>>>
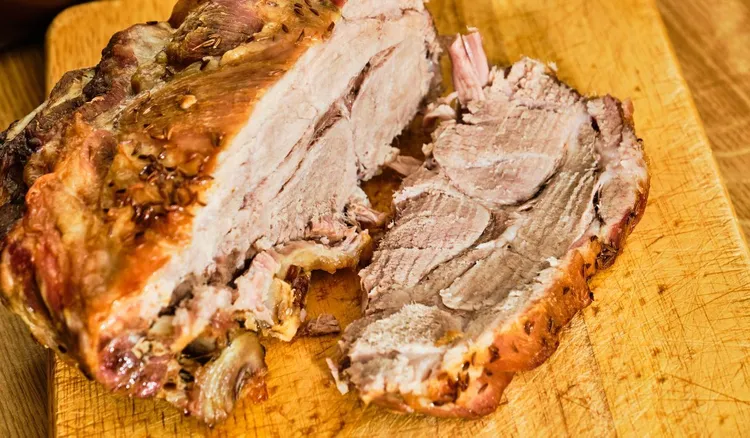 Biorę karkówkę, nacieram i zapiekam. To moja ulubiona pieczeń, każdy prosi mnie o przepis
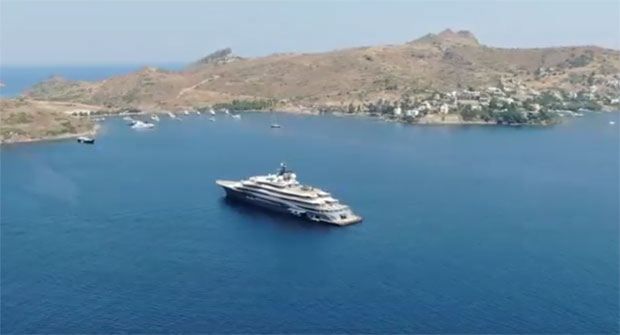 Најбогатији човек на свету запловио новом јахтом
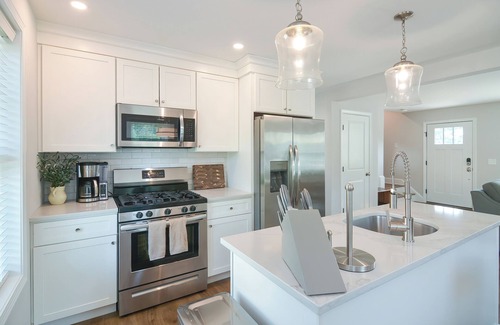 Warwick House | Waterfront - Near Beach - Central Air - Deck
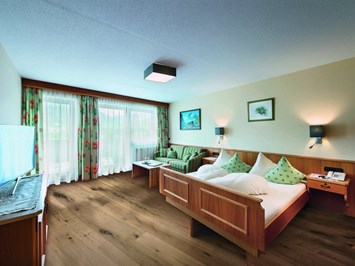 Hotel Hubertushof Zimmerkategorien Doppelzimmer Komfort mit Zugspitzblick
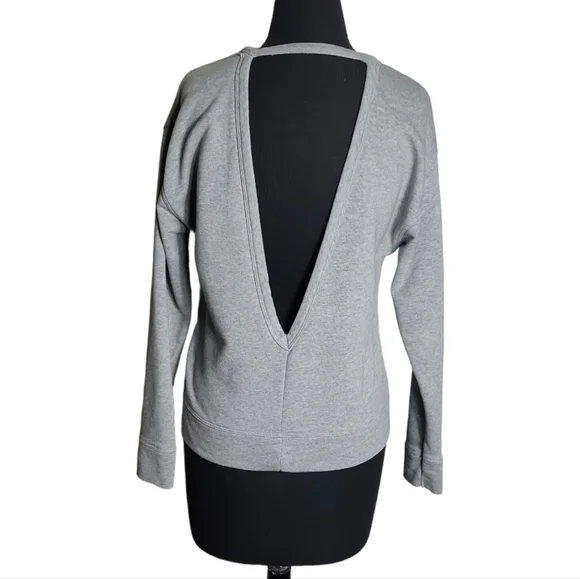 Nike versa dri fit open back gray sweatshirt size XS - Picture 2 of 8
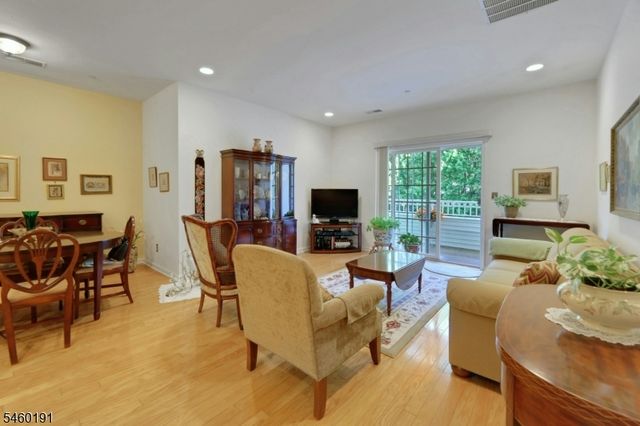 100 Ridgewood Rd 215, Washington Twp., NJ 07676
<<<
Problem to work on: All that is needed is an exact copy of the lines from the line with "Nike versa dri" through the end of the listing, both ends included, with no pictures.

Exercise solution:
 Nike versa dri fit open back gray sweatshirt size XS - Picture 2 of 8
 100 Ridgewood Rd 215, Washington Twp., NJ 07676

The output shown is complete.